During that project i visited with several of the federal agencies that did the keywording and supplied the tapes, to discuss this problem. They had tried to mitigate the problem by two approaches; development of glossaries of keywords and staff training. While there were some improvements (which raised the cost of the effort), there were never satisfactory solutions to the issue. I had the same kind of problem at my end, in the phase of translating a query to a set of keywords.
Ignoring a related problem, which is that the terminology in different disciplines to define information may differ even for closely related items, and that the terminology in a given discipline tends to change over time, the fundamental problem with the issue of comprehensiveness of descriptors is that it cannot be mitigated very much without drastic increase of time and effort.
The second hair-pulling issue is consistency of application of descriptors, whether by different individuals, or by the same person at different times. Use of glossaries and training of personnel helped somewhat, but never made enough difference to keep this from being a serious problem.

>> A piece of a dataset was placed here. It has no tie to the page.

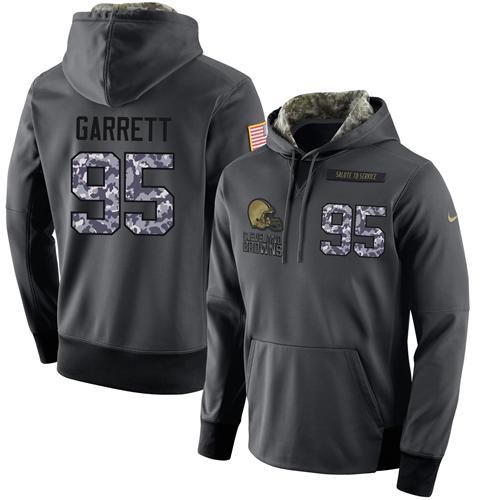 NFL Men's Nike Cleveland Browns #95 Myles Garrett Stitched Black Anthracite Salute to Service Player Performance Hoodie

Adding an additional layer of review of the descriptors used for a document helped, but that added substantially to cost.
Based on that experience and on the fact that I often need to approach to analysis of information in my research databases from differing perspectives, I do not tag new items as they are added to those databases. I simply don’t have the time to attempt an adequate job of that, and wouldn’t consider the effort likely to be repaid well. DEVONthink gives me access to full text searches and to the ability to vary search criteria to improve results, when I’m looking for information. See Also can sometimes help overcome the problem of variations of terms used for similar topics. The DEVONthink environment is very different, compared to the limitations of our information dissemination project in the old days, which relied entirely on use of descriptors for searches.
That doesn’t mean that I consider tagging unimportant. It does mean that I tend to restrict tagging to a relatively small number of items, where that becomes a major aid to retrieval or use of the tagged items.
I often dump hundreds of new documents into a database. It’s unlikely that I’ll consider upfront tagging for any of them to be worth my time. In a few cases, such as the example of associating notes and photos of a trip to Malta, I might do so.
Feel free, as always, to consider me an eccentric. I probably am.